____ Provided entries

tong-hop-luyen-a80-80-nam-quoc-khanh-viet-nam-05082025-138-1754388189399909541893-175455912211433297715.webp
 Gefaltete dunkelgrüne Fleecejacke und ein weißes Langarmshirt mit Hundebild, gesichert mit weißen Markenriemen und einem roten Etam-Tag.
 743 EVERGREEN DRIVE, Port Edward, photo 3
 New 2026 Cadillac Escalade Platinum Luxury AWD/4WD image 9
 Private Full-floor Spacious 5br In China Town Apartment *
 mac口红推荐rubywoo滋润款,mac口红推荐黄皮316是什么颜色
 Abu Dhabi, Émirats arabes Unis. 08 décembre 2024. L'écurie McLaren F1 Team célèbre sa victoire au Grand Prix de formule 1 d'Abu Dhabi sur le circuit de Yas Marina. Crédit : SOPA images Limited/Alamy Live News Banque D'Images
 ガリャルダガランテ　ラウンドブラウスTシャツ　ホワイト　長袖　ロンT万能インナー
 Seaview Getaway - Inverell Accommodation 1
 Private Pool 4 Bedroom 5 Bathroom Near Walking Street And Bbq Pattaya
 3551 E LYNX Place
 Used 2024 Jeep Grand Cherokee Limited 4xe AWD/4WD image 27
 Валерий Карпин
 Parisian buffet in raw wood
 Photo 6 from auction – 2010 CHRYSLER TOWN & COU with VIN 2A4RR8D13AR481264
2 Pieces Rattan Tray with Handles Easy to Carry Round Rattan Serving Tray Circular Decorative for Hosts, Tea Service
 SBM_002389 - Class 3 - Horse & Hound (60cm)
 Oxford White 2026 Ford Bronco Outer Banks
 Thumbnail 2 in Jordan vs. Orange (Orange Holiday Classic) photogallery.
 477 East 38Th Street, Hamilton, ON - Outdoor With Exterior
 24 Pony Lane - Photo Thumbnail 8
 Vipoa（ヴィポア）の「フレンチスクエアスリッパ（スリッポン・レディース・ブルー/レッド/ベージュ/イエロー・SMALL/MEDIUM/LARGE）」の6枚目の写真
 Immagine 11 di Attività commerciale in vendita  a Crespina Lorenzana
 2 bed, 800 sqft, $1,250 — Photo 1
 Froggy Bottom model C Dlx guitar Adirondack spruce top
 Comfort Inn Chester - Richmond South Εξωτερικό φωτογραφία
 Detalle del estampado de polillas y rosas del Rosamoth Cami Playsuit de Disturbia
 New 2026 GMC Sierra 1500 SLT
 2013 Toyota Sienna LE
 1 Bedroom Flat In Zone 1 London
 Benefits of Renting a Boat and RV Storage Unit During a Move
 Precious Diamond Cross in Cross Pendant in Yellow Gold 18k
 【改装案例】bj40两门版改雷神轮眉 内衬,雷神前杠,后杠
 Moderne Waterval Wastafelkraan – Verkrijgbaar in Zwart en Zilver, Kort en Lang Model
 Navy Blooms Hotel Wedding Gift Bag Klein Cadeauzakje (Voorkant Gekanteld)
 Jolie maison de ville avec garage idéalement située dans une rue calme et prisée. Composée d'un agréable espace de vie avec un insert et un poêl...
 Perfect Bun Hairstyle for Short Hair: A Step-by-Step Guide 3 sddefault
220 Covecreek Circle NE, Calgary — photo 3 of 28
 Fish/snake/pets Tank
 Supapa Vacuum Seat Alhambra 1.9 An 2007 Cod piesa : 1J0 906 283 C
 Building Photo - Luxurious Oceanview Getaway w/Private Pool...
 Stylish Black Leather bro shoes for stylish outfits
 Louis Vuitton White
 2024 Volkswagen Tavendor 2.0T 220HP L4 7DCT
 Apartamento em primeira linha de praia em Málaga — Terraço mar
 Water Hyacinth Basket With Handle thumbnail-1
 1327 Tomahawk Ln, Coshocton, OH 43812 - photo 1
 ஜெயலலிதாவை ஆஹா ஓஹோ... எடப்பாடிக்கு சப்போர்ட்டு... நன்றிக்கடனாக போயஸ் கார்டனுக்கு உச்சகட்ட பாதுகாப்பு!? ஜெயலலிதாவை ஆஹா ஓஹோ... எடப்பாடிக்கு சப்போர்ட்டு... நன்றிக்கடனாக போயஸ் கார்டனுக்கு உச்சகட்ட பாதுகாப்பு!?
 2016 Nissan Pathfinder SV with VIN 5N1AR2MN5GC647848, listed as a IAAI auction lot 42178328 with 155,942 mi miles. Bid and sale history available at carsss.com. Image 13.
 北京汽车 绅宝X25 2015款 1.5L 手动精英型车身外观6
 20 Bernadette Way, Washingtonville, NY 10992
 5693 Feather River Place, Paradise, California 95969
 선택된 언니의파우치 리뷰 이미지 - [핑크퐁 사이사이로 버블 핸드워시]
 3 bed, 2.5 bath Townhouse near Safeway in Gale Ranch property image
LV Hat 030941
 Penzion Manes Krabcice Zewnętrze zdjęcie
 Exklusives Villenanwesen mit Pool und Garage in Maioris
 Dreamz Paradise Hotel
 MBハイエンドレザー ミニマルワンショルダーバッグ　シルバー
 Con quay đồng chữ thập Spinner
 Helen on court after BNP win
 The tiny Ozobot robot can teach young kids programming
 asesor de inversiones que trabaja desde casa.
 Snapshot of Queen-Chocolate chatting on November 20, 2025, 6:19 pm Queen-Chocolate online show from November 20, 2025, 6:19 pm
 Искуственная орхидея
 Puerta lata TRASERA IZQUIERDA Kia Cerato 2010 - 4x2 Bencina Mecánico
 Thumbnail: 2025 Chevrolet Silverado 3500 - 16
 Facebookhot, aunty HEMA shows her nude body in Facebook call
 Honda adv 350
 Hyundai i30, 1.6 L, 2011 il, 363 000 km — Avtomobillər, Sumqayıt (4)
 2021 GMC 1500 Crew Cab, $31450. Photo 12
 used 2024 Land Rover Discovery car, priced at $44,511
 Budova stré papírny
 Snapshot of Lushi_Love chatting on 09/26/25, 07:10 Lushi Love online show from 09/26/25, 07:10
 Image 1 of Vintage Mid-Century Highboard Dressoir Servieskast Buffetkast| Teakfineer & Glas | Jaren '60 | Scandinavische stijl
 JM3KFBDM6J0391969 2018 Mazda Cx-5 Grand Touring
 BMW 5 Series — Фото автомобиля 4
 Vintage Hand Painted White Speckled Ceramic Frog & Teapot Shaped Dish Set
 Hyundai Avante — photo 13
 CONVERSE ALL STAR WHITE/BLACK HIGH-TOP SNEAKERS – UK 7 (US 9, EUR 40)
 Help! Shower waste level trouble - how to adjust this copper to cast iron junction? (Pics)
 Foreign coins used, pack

________

## Try it
The expected output is the exact run of lines from the start of the entries through the line with "Gefaltete dunkelgrüne Fleecejacke", inclusive.

## Written answer
tong-hop-luyen-a80-80-nam-quoc-khanh-viet-nam-05082025-138-1754388189399909541893-175455912211433297715.webp
 Gefaltete dunkelgrüne Fleecejacke und ein weißes Langarmshirt mit Hundebild, gesichert mit weißen Markenriemen und einem roten Etam-Tag.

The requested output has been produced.